Nós queremos fazer um grande debate nacional e internacional. Queremos envolver a CTB nesse processo, as demais centrais, as demais forças políticas, para internalizar e internacionalizar o debate da agricultura familiar, a sua importância política, econômica, social, cultural. Afirmar a importância da agricultura familiar no combate à fome, com a produção de alimento e assegurar a soberania e segurança alimentar das nações.

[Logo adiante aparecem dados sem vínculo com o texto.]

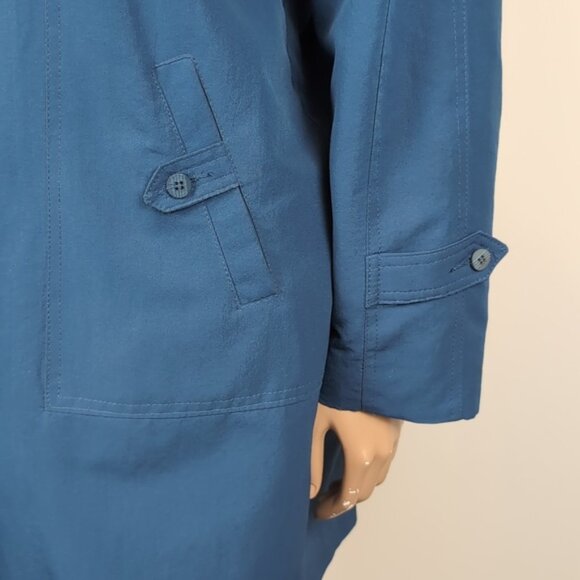 London Fog Hooded Trench Coat Thick Removable Fleece Teal Blue Womens Size 8 - Picture 4 of 15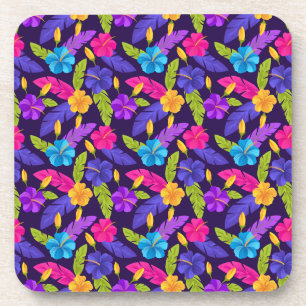 Tropische Blätter und Blume Muster-23857 Getränkeuntersetzer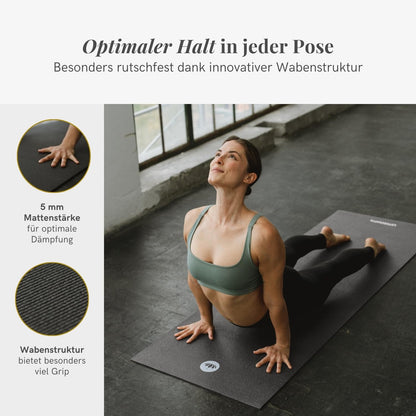 Lotuscrafts Yogamatte MUDRA, 5 mm, rutschfest, 183 x 60 cm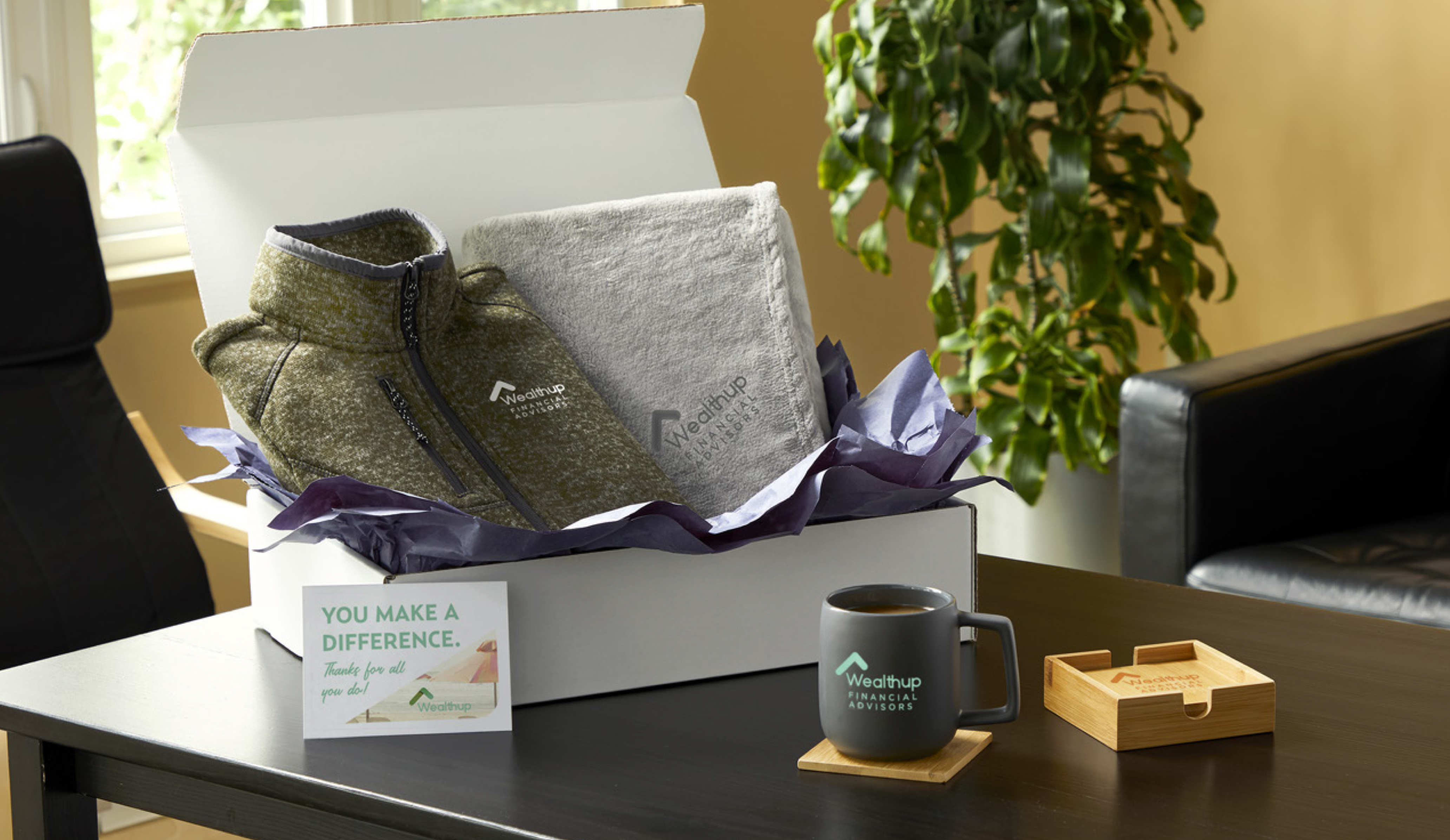 Open swag box with contents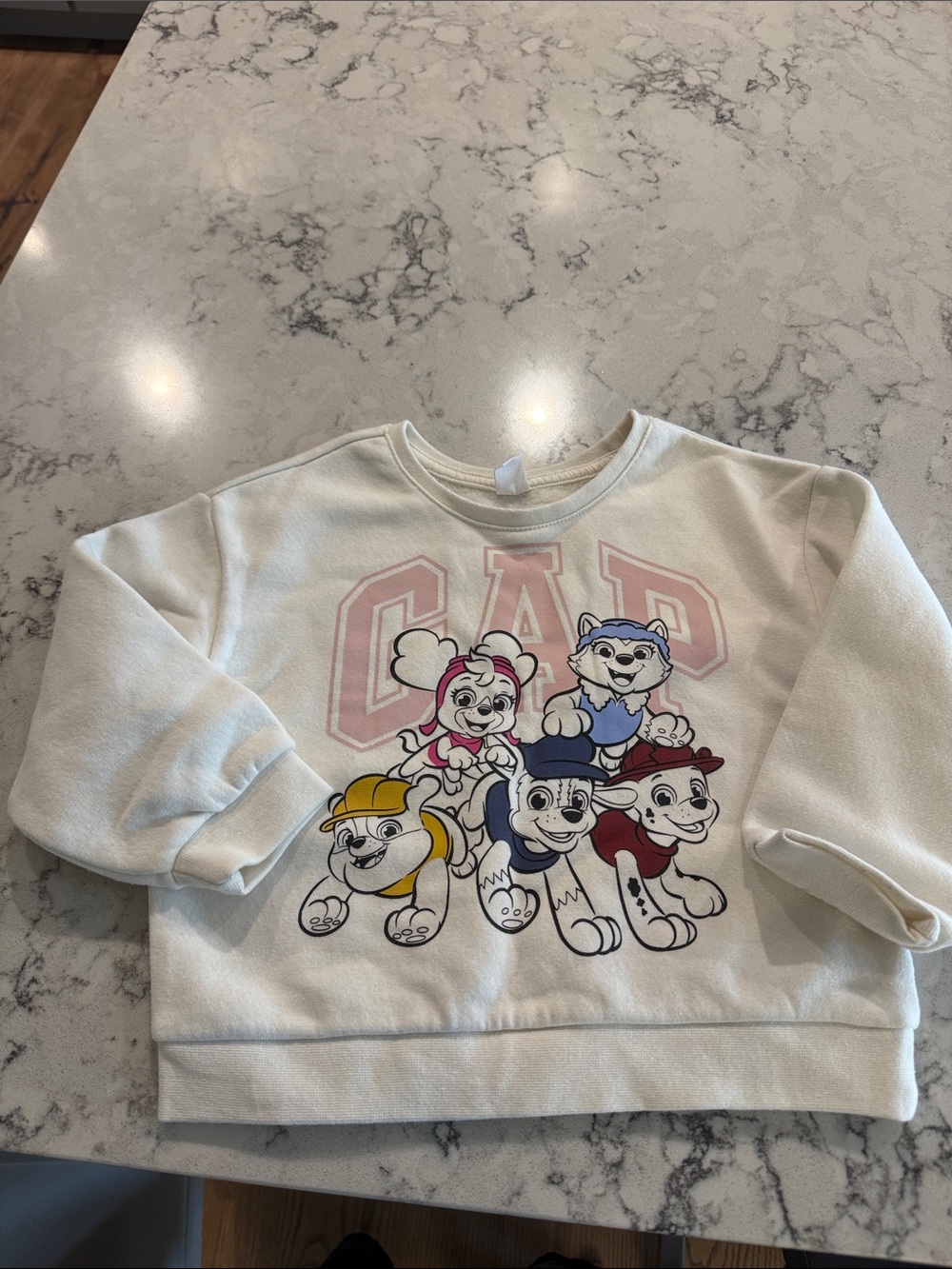 GAP White Kids Paw Patrol Crewneck Sweatshirt with Pastel Logo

Nesse debate, queremos incluir o tema da reforma agrária, do acesso aos meios de produção, da terra e da água como elementos centrais para a promoção da inclusão produtiva, geração de trabalho e renda, fortalecimento da agricultura familiar enquanto base indispensável para o desenvolvimento rural sustentável. Esse é mais um elemento que vamos debater este ano, com muita força.
Como está o debate sobre a representação sindical dos trabalhadores rurais? 
Está prevista para março/2014 a realização de cinco grandes encontros regionais, cada um com no mínimo dez dirigentes de cada federação. Serão três dias de intenso debate, ocasião em que cada regional sindical terá a missão de apontar propostas de medidas estratégias e ações para que a reunião, no final de março, do Conselho extraordinário da Contag tome as decisões sobre a representação e representatividade no MSTTR. O tema da representação e representatividade é um tema complexo e difícil de ser tratado, porém é vital para o Movimento e precisa envolver toda a base sindical.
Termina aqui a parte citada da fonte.